Former FBI Director James Comey used a Sunday television appearance to say plainly what many of President Donald Trump’s supporters have long argued: that key figures in the federal law enforcement and intelligence bureaucracy view themselves as a counterweight to the elected administration, rather than subordinate to it.
During an appearance on NBC’s “Meet the Press,” Comey said he has little confidence in the Justice Department’s current leadership but urged career employees to remain in place through the remainder of Trump’s term.
“I have great confidence in the people down below who are just trying to hang on,” Comey said. “And I’m urging them, hang on. Two and a half years, and then we can rebuild these institutions.”
Former officials criticizing an administration is commonplace. What stands out is that Comey framed the department’s Senate-confirmed leadership as a temporary aberration to endure until the bureaucracy can “rebuild” itself.
In Comey’s telling, the true stewards of federal agencies are not the president and his appointees, but career officials embedded within them.
The comments came as Comey remains under indictment for his May 2025 Instagram post featuring the phrase “86 47,” which prosecutors say amounted to a threat against Trump. The former FBI director dismissed the case during the interview and mocked Acting Attorney General Todd Blanche, suggesting Blanche should “bone up on the rules” after publicly discussing the prosecution.
Comey’s posture throughout the interview was consistent: contempt for the administration at the top, confidence in the career bureaucracy beneath it, and open anticipation that Trump’s presidency is something federal employees should simply wait out.
That message cuts to the heart of a debate Trump has raised since his first campaign — whether the administrative state sees itself as politically neutral or as an institutional force capable of resisting elected leadership it deems unacceptable.

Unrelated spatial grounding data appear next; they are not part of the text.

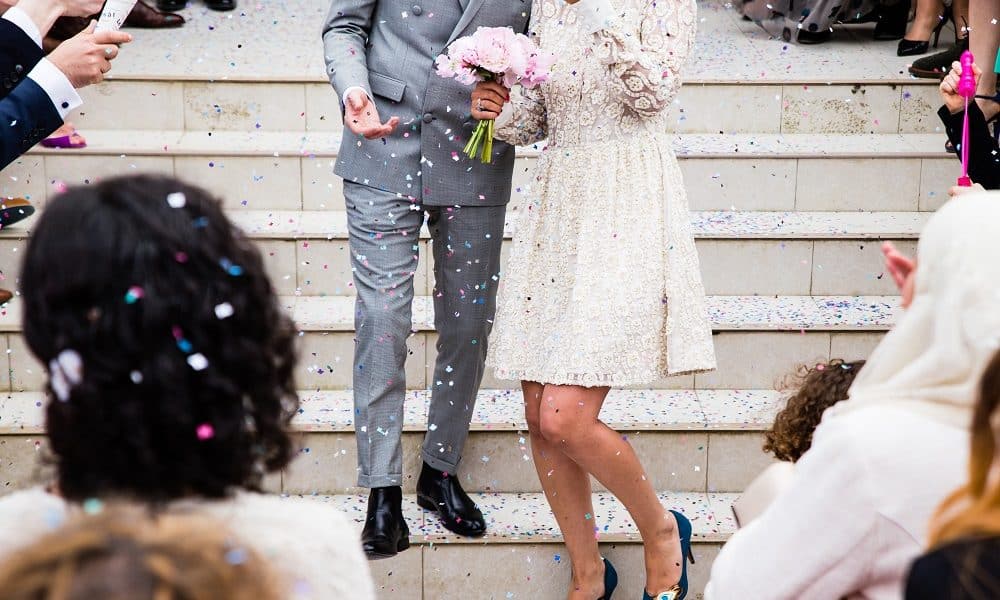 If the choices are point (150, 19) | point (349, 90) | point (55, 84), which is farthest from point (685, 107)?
point (55, 84)

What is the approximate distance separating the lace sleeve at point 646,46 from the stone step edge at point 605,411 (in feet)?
3.78

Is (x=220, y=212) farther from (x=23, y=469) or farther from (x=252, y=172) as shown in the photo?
(x=252, y=172)

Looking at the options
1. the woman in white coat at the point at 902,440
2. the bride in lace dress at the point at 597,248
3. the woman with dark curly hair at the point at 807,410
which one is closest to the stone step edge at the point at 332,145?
the bride in lace dress at the point at 597,248

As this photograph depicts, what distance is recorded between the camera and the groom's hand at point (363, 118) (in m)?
2.96

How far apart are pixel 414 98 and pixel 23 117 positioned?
104 cm

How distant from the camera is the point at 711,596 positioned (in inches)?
64.8

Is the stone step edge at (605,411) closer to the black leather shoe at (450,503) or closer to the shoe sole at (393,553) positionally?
the black leather shoe at (450,503)

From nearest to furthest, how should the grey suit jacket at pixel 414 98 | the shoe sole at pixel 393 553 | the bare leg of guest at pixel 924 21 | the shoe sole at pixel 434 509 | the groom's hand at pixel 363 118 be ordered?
the groom's hand at pixel 363 118 → the grey suit jacket at pixel 414 98 → the shoe sole at pixel 393 553 → the shoe sole at pixel 434 509 → the bare leg of guest at pixel 924 21

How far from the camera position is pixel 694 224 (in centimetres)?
423

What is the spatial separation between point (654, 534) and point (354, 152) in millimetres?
1247

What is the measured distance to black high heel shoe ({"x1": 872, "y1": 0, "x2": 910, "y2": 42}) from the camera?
5.56 meters

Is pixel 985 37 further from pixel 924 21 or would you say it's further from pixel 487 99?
pixel 487 99

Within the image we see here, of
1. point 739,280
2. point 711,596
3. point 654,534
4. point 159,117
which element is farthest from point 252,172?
point 711,596

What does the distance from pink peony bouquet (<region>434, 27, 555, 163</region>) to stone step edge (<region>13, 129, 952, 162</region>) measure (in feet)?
4.81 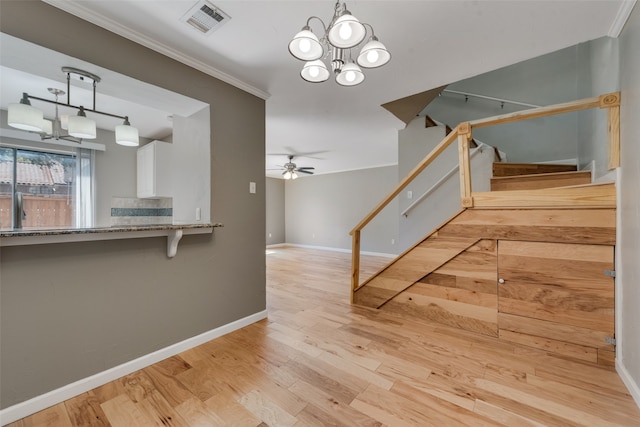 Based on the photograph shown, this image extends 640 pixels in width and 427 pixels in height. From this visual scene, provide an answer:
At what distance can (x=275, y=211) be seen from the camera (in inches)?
323

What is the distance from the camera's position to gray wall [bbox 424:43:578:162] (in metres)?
3.67

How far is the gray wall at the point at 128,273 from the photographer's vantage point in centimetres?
136

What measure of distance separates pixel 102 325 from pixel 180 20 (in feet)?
6.62

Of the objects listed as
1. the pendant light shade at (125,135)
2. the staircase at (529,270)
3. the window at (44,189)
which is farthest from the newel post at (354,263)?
the window at (44,189)

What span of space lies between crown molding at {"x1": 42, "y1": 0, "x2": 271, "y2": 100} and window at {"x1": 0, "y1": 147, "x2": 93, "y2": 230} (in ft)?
9.14

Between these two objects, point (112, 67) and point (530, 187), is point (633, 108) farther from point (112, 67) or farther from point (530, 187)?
point (112, 67)

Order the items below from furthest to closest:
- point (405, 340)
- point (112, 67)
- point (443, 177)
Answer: point (443, 177) < point (405, 340) < point (112, 67)

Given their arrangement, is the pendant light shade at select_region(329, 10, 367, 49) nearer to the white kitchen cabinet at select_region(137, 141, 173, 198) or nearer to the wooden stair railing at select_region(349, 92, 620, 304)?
the wooden stair railing at select_region(349, 92, 620, 304)

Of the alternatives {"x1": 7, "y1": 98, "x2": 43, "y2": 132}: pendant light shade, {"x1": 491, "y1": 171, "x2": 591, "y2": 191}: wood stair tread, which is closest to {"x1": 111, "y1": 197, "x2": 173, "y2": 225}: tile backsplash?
{"x1": 7, "y1": 98, "x2": 43, "y2": 132}: pendant light shade

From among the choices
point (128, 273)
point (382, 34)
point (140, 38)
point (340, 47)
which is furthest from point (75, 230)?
point (382, 34)

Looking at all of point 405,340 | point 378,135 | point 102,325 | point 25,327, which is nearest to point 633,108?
point 405,340

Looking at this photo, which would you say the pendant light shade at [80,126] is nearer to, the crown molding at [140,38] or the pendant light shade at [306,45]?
the crown molding at [140,38]

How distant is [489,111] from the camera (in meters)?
4.05

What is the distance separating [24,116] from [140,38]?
41.6 inches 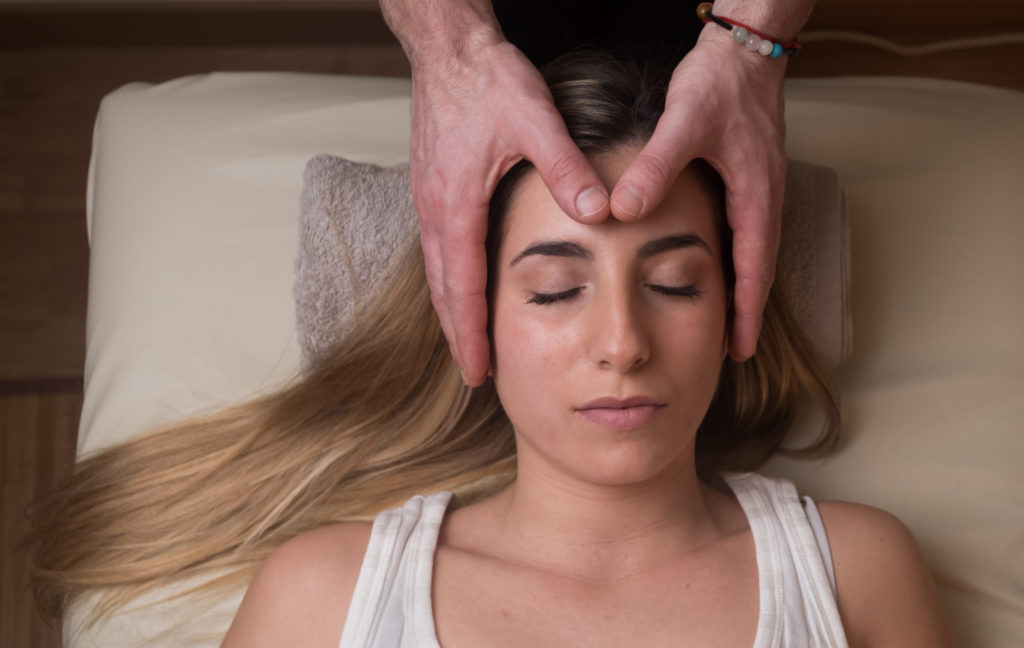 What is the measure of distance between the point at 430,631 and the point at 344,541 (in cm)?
19

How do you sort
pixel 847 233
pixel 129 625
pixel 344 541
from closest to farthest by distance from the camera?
pixel 344 541
pixel 129 625
pixel 847 233


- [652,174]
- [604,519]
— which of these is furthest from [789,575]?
[652,174]

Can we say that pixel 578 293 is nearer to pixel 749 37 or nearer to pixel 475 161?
pixel 475 161

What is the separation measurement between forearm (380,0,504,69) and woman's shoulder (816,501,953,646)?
0.81 metres

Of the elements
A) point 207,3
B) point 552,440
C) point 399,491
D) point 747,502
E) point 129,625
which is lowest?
point 129,625

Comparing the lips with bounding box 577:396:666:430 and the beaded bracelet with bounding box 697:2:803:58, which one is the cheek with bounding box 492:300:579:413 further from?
the beaded bracelet with bounding box 697:2:803:58

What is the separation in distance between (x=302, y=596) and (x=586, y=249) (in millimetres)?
585

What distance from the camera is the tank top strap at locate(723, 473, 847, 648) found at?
1.32 metres

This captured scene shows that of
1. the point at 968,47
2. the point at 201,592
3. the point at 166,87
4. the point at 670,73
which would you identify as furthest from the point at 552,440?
the point at 968,47

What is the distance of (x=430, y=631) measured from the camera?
51.7 inches

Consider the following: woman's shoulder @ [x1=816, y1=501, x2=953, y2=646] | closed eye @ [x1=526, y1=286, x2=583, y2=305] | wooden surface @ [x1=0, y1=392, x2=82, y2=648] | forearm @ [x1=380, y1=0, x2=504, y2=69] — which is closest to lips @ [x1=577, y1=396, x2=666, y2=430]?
closed eye @ [x1=526, y1=286, x2=583, y2=305]

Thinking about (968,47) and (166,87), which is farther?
(968,47)

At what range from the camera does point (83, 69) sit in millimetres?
2598

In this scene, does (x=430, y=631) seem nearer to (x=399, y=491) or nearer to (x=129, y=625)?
(x=399, y=491) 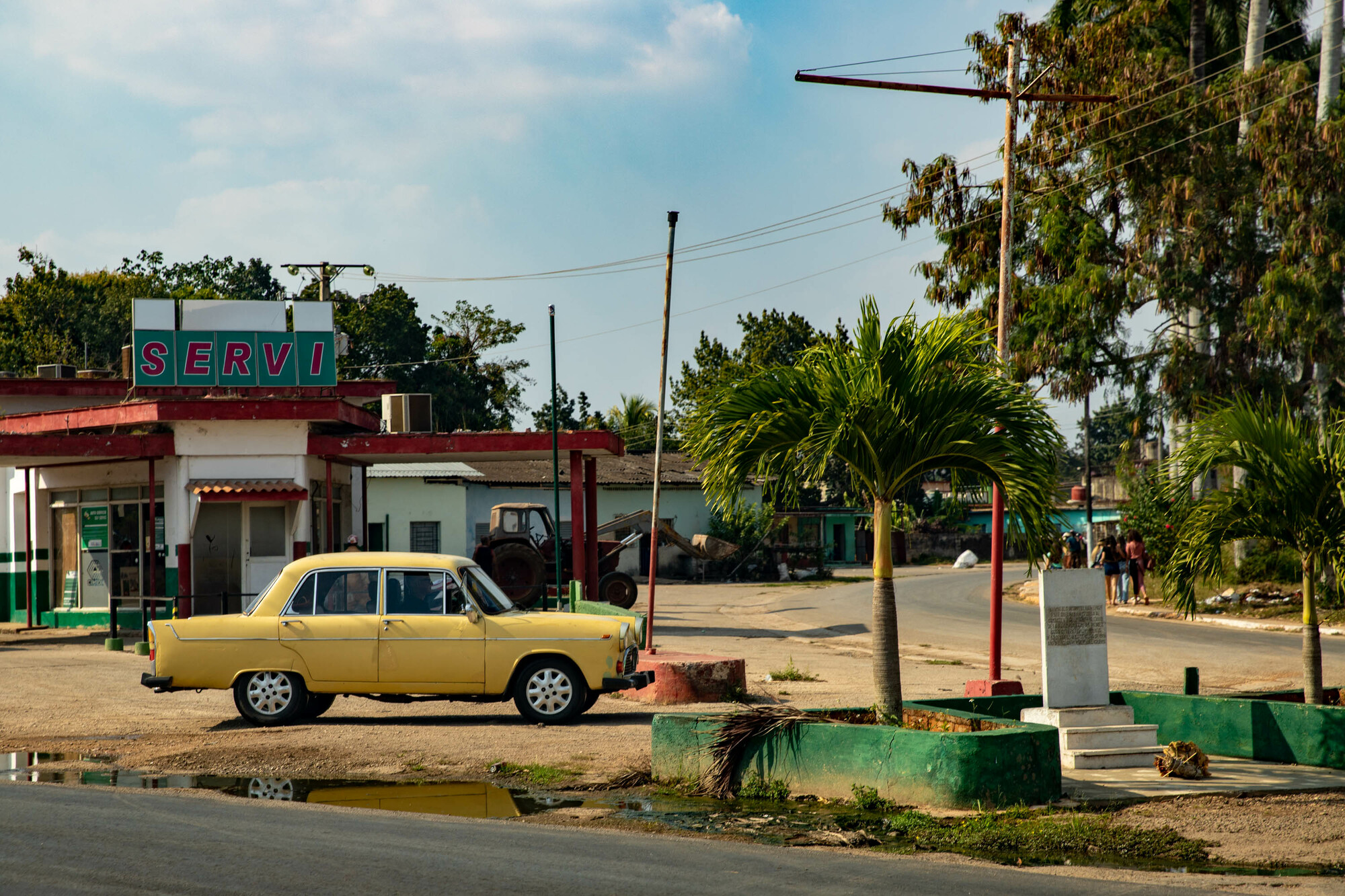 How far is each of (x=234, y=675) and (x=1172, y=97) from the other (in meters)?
25.3

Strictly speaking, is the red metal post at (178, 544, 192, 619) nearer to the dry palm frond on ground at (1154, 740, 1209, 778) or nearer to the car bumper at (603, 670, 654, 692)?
the car bumper at (603, 670, 654, 692)

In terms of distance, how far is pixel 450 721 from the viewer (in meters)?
12.9

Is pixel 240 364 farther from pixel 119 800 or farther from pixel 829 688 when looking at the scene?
pixel 119 800

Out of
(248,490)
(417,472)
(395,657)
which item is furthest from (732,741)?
(417,472)

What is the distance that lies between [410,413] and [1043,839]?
63.5ft

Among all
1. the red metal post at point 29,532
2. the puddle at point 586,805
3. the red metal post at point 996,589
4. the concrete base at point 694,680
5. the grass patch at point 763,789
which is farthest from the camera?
the red metal post at point 29,532

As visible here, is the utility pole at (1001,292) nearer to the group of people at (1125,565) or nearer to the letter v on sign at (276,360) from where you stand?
the letter v on sign at (276,360)

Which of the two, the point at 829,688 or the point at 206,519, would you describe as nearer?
the point at 829,688

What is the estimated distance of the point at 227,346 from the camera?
78.5 feet

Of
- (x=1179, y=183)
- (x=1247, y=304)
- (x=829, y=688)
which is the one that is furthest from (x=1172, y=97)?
(x=829, y=688)

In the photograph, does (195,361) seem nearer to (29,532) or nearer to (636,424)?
(29,532)

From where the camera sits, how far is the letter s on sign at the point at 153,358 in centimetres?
2353

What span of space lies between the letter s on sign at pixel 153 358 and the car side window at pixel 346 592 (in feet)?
41.8

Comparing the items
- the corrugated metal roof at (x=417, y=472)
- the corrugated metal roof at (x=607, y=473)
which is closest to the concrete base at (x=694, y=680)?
the corrugated metal roof at (x=417, y=472) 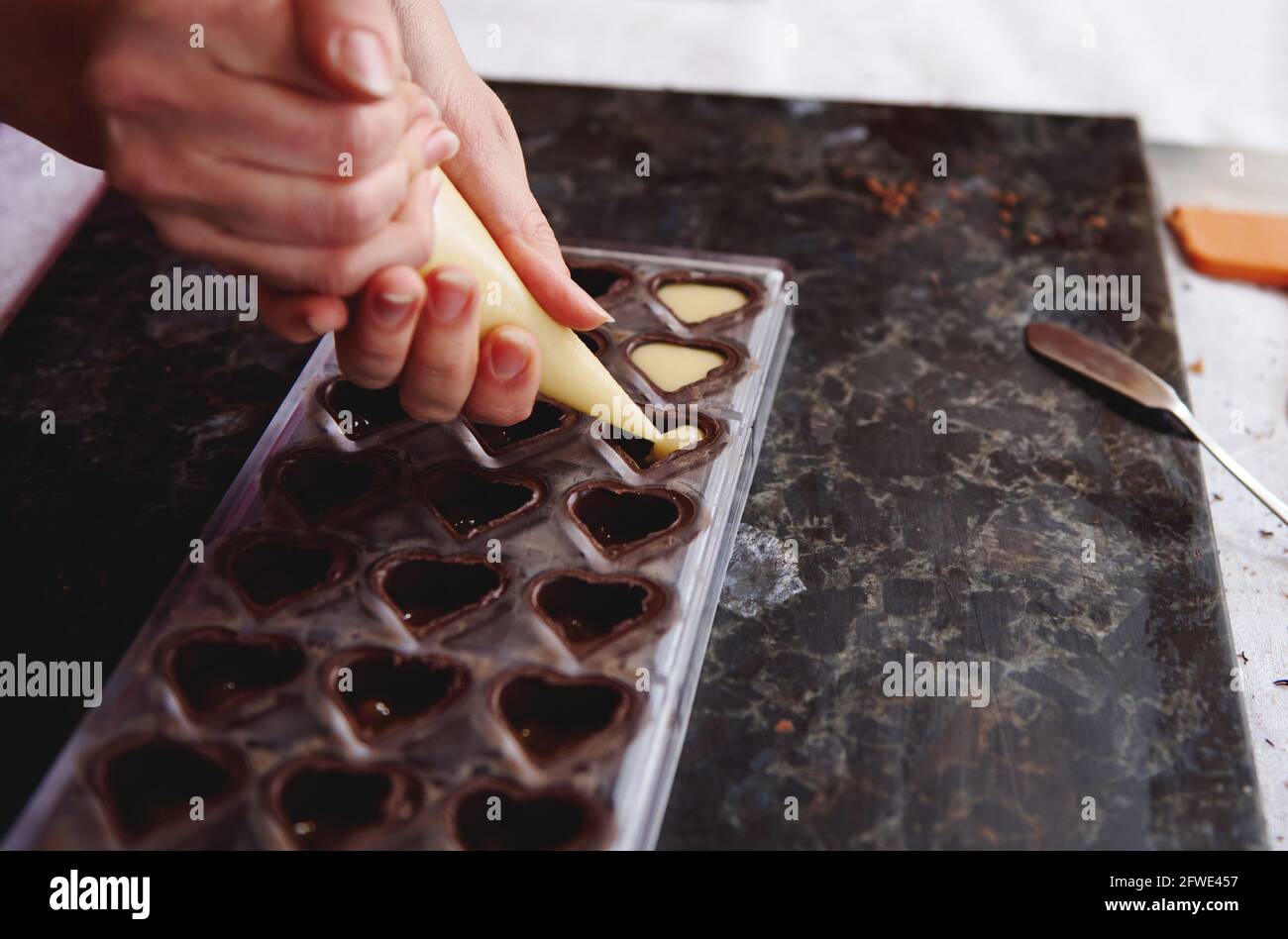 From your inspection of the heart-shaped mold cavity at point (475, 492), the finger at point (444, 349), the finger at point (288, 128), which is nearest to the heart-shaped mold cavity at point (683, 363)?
the heart-shaped mold cavity at point (475, 492)

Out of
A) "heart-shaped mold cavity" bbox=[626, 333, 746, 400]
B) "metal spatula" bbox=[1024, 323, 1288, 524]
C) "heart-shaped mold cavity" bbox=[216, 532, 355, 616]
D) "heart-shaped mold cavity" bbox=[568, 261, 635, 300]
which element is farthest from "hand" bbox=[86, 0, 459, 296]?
"metal spatula" bbox=[1024, 323, 1288, 524]

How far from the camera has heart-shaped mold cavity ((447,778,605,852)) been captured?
1.31 m

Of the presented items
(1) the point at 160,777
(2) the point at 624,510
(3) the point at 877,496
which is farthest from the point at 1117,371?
(1) the point at 160,777

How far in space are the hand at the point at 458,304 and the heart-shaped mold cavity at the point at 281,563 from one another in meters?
0.23

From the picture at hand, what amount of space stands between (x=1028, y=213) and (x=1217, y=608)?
1.13 m

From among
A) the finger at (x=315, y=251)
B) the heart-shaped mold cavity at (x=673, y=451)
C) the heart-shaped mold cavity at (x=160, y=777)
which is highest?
the finger at (x=315, y=251)

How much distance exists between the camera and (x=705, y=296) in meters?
2.08

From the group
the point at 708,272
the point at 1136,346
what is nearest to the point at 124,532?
the point at 708,272

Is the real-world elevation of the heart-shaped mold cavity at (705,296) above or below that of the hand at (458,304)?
below

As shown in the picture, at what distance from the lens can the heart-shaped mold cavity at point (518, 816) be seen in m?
1.31

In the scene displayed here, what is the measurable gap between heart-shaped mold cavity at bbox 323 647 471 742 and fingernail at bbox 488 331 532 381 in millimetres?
407

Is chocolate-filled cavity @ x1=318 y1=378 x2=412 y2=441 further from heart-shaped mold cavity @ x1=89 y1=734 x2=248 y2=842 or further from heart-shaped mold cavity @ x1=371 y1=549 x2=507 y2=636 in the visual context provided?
heart-shaped mold cavity @ x1=89 y1=734 x2=248 y2=842

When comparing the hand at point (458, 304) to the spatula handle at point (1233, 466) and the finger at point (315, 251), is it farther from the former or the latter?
the spatula handle at point (1233, 466)

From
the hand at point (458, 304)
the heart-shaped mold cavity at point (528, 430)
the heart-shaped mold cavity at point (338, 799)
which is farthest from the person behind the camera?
the heart-shaped mold cavity at point (528, 430) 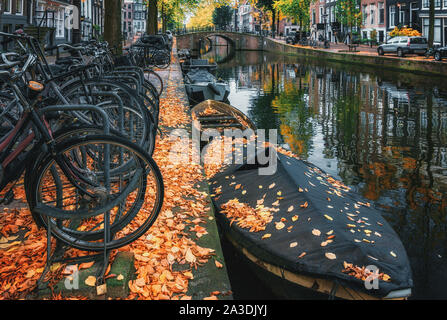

Comey appeared to answer that question directly. By urging federal employees to “hang on” until Trump leaves office so the institutions can be “rebuilt,” he described a bureaucracy that is not simply carrying out policy disagreements internally, but one that can preserve itself against democratic change and restore its preferred order when the political climate shifts.
The remarks also fit into a broader public campaign by Comey and his family as both he and his daughter, former federal prosecutor Maurene Comey, fight legal battles against the Trump administration. In interviews promoting his new novel, Comey has portrayed his family as victims of presidential retaliation, while continuing to cast himself as a moral authority on institutional integrity despite his own history of political controversy.
That controversy resurfaced again Sunday when Comey defended his 2016 decision to reopen the investigation into Hillary Clinton’s private email server days before the presidential election.
However, the more revealing moment was not his defense of past decisions; it was his apparent belief that he sees federal institutions as something that can be insulated from the president, preserved by loyal insiders, and restored once an unacceptable administration ends.